Pierre Macherey
Avril 2011 – De l’incidence Editeur – 24 €
Pourquoi s’intéresser aujourd’hui aux discours des utopistes ? Peut-être parce que, ce dont nous manquons le plus, c’est précisément d’utopie, sans même avoir conscience de ce manque. Plus fondamentalement, l’utopie ne correspond-elle pas au sentiment diffus que quelque chose ne va pas dans la société, à quoi il faudrait de toute urgence remédier, ce qui fait d’elle l’expression d’un manque ?
Comment se tracer un chemin dans le massif touffu, irrégulier, de la tradition utopique, dont les contours sont incertains, comme inachevés ? En faisant fond sur ce qui fait principalement son prix : la mise en valeur, portée par son mode d’exposition narratif, des détails, les mille petits riens sur lesquels repose la vie sociale, ses « minuties » comme les appelle Fourier, le grand poète de l’utopie. La réflexion utopique fixe son attention, non sur des systèmes politiques fournis clés en main, avec leur rigide armature institutionnelle, mais sur les particularités, souvent incongrues, qui constituent concrètement le soubassement de l’existence communautaire, qu’elle prend à ras de terre en portant sur elle une vue rasante. C’est ce qui la distingue des grandes spéculations de la philosophie politique, qui, préoccupée par des problèmes centraux comme celui du pouvoir, ne s’abaisse pas à prendre en compte ce type de considérations, dont l’importance est, cependant, cruciale.
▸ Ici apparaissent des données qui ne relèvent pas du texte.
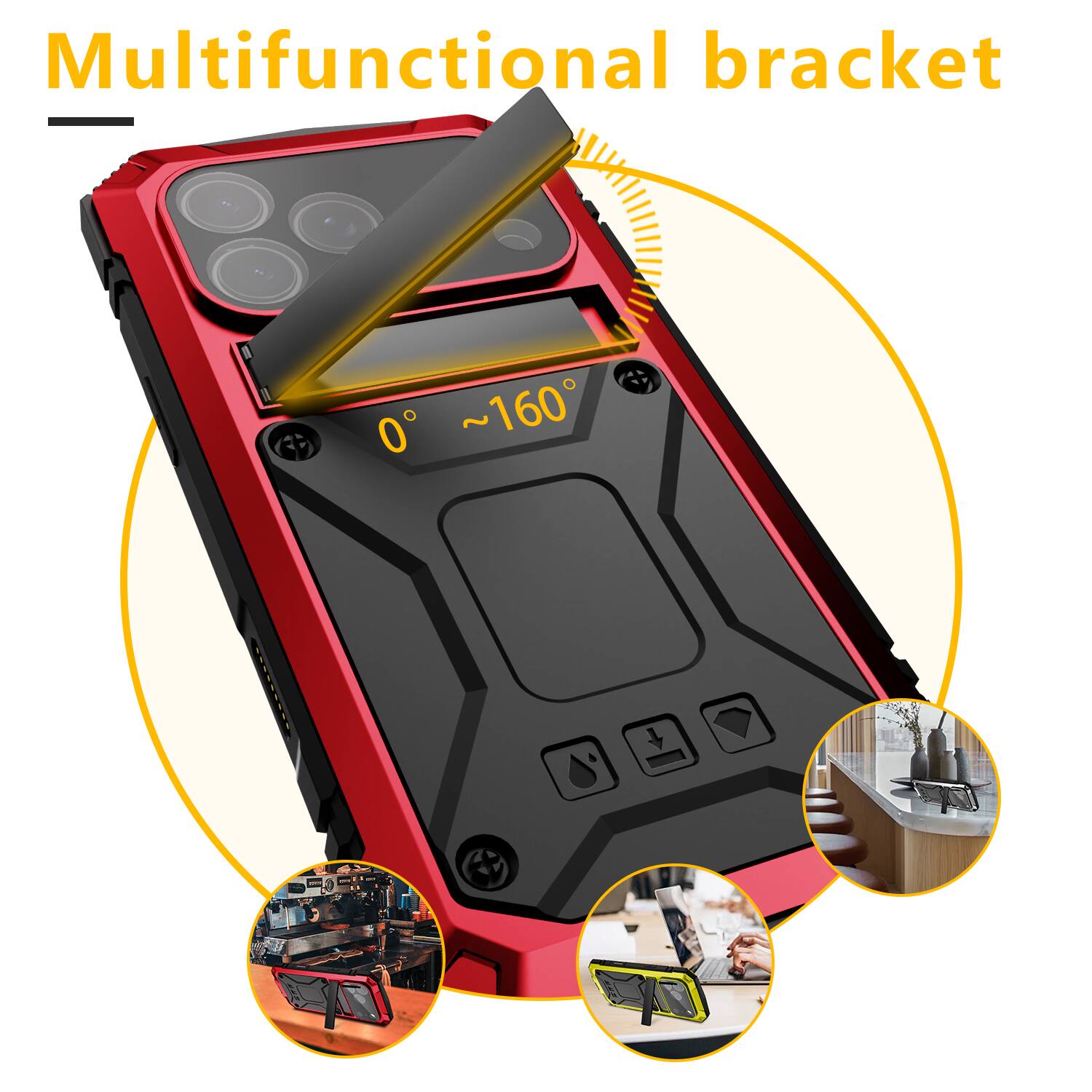 Multifunctional bracket

0° ~160°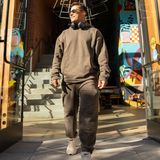 Zen Core Unisex Organic Cotton Sweatpants in Tarmac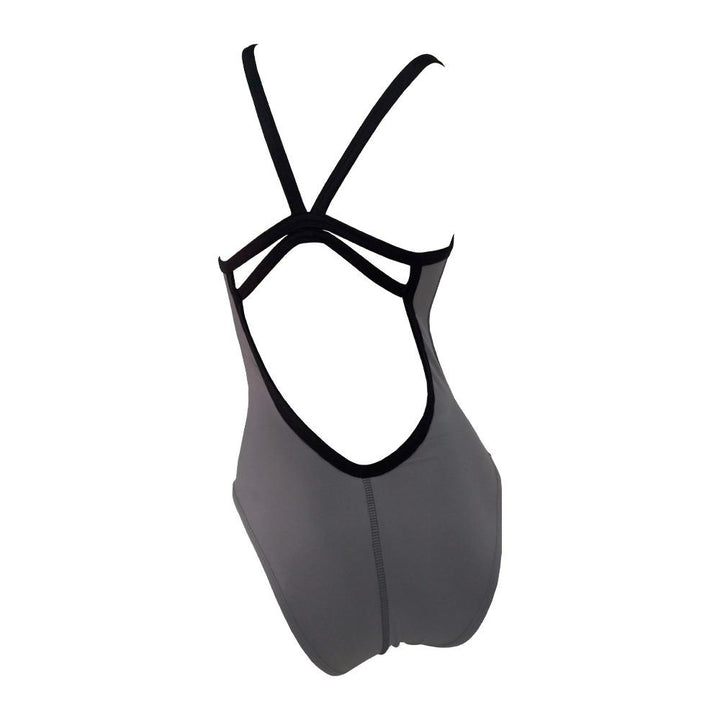 Vestido de baño entero tiras Plata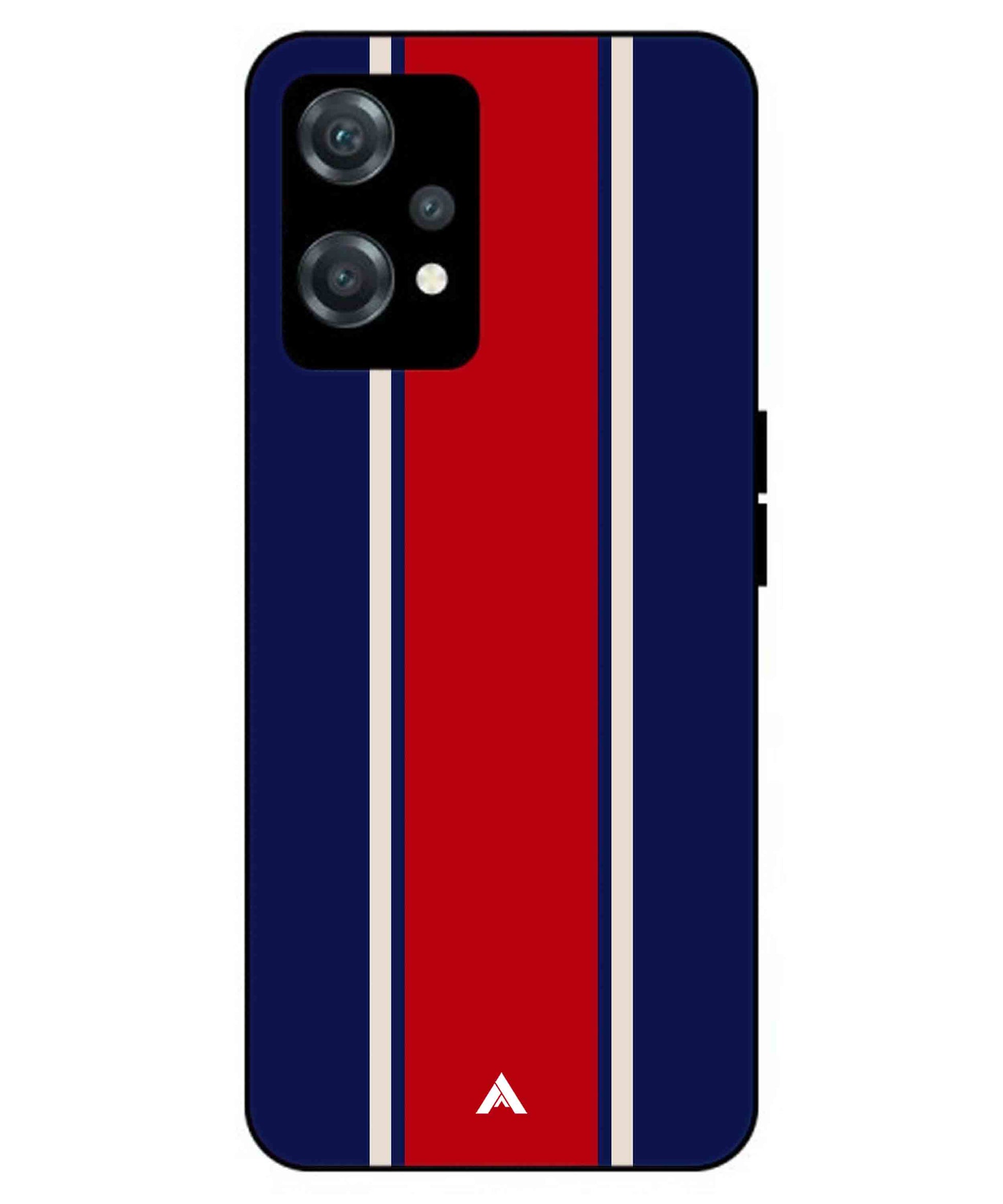Stripe Pattern 15 Metal Back Cover Phone Case for Oneplus Nord CE 2 Lite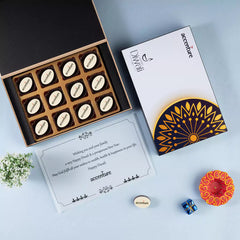 Corporate Diwali Gifts - 12 Chocolate Box (Only Design)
En relisant More, Bacon et Campanella, représentants exemplaires de ce qu’on peut appeler l’utopie classique, et Fourier, qui a développé un nouveau type d’utopie sociale propre à la modernité, on se donne quelques chances de s’orienter dans le dédale de la pensée utopique, une pensée qui demeure pour nous, y compris dans ses formes les plus anciennes, d’une brûlante actualité. P. M.